Finding word patterns
When dealing with puzzles - or even with ciphertext - you are sometimes challenged to only know a word by it’s pattern of characters, even thought these are not the concrete characters.
Assume the text ‘why not try cryptography for fun` to be enciphered using a simple mono alphabetic substitution cipher, here with the keyword ‘HELO’.
from pycipher import SimpleSubstitution as SimpleSub
key = 'HELOABCDFGIJKMNPQRSTUVWXYZ'
ct = SimpleSub(key).encipher('why not try cryptography for fun')
print(ct)
'WDYMNTTRYLRYPTNCRHPDYBNRBUM'
Now assume we have some educated guesses, that the word CRYPTOGRAPHY
appears
somewhere in the text (this is called a ‘crib’) and that we know that this is
a mono alphabetic substitution, we can try my collection of function to see if
the word’s pattern shows up:
matchPatternInString(ct, 'cryptography')
[9]
So, yes, the pattern of the word ‘cryptography’ shows up at the 10th position in the ciphertext:
WDYMNTTRYLRYPTNCRHPDYBNRBUM
^
How do I do it? What I do is I encode every character to an integer
representation, starting with 0
- and if I find a new character, it will get
the next integer, 1. So HELLO
becomes internally [0 1 2 2 3]
. After
encoding the string to a pattern, I slide over the ciphertext to be searched
for the pattern, doing the encoding and comparing it.
The encoding function is simply:
def encodeString(Str):
"""Helper routine for findMatchedWords and matchPatternInString."""
map = {}
res = []
i = 0
for ch in Str:
if ch not in map:
map[ch] = i
i += 1
res += [str(map[ch])]
return res
And the ‘search for pattern in my ciphertext’ is:
def matchPatternInString(ct, pattern, debug=False):
"""Finds a pattern in string ct. Returns list of indexes where found. Empty list, when not found."""
plen = len(pattern)
hash = encodeString(pattern)
o = [ ]
for index in range(0, len(ct)-plen):
if encodeString(ct[index:index+plen]) == hash:
o = o + [ index ]
if debug:
print(ct[index:index+plen])
return o
I even went further; sometimes you are pretty sure that abbcfghh
, as the literal ciphertext, is a word, but what could it possibly be? For that I’m reusing the encoding function and compare it against a list of known words.
Example:
findMatchedWords('abbcfghh', en)
['assignee',
'bootless',
'foothill',
'Foosball',
'football',
'footless',
'goofball',
'coolness',
'goodness',
'Goodwill',
'goodwill',
'moonless',
'peekaboo',
'poorness',
'roofless',
'rootless',
'doorbell',
'Woodhull']
(en
is simply a list of English words as a Python list, compare yesterday’s
posting.)
Or, some other fun: Which words has the same pattern as ‘cryptography’?

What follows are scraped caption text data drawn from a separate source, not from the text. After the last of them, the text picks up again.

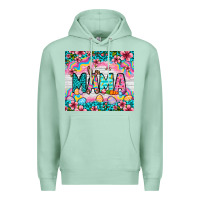 Seafoam Easter Mama Leopard tumbler Easter Day Premium Hoodie - Neo Western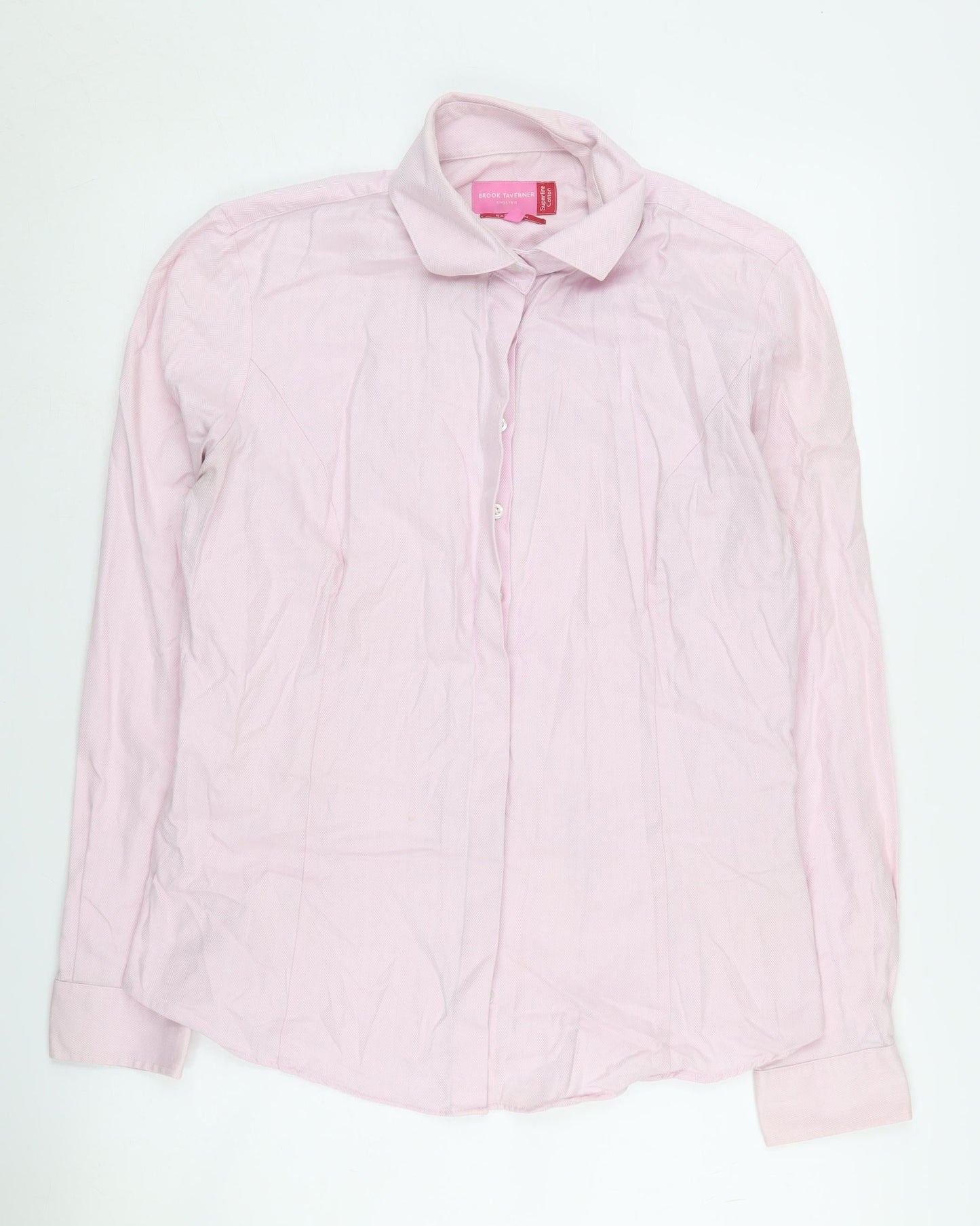 Brook Taverner Men's Pink Long Sleeve Button-Up Shirt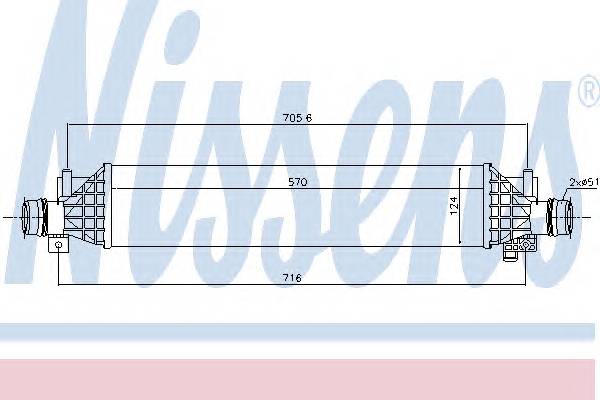 NISSENS 96375 INTERCOOLER OPEL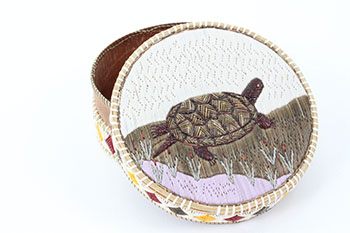 Mi'kmaq, Porcupine Quilled Basket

findMatchedWords('cryptography', en)
['cryptography', 'manipulation']
Now what a coincidence… ;-)
Code:
def findMatchedWords(pattern, dictionary):
"""Finds a pattern in the dictionary. Returns a list of found results."""
output=[]
length = len(pattern)
pattern_hash = encodeString(pattern)
for word in dictionary:
if(len(word) == length and encodeString(word) == pattern_hash):
output += [ word ]
return(output)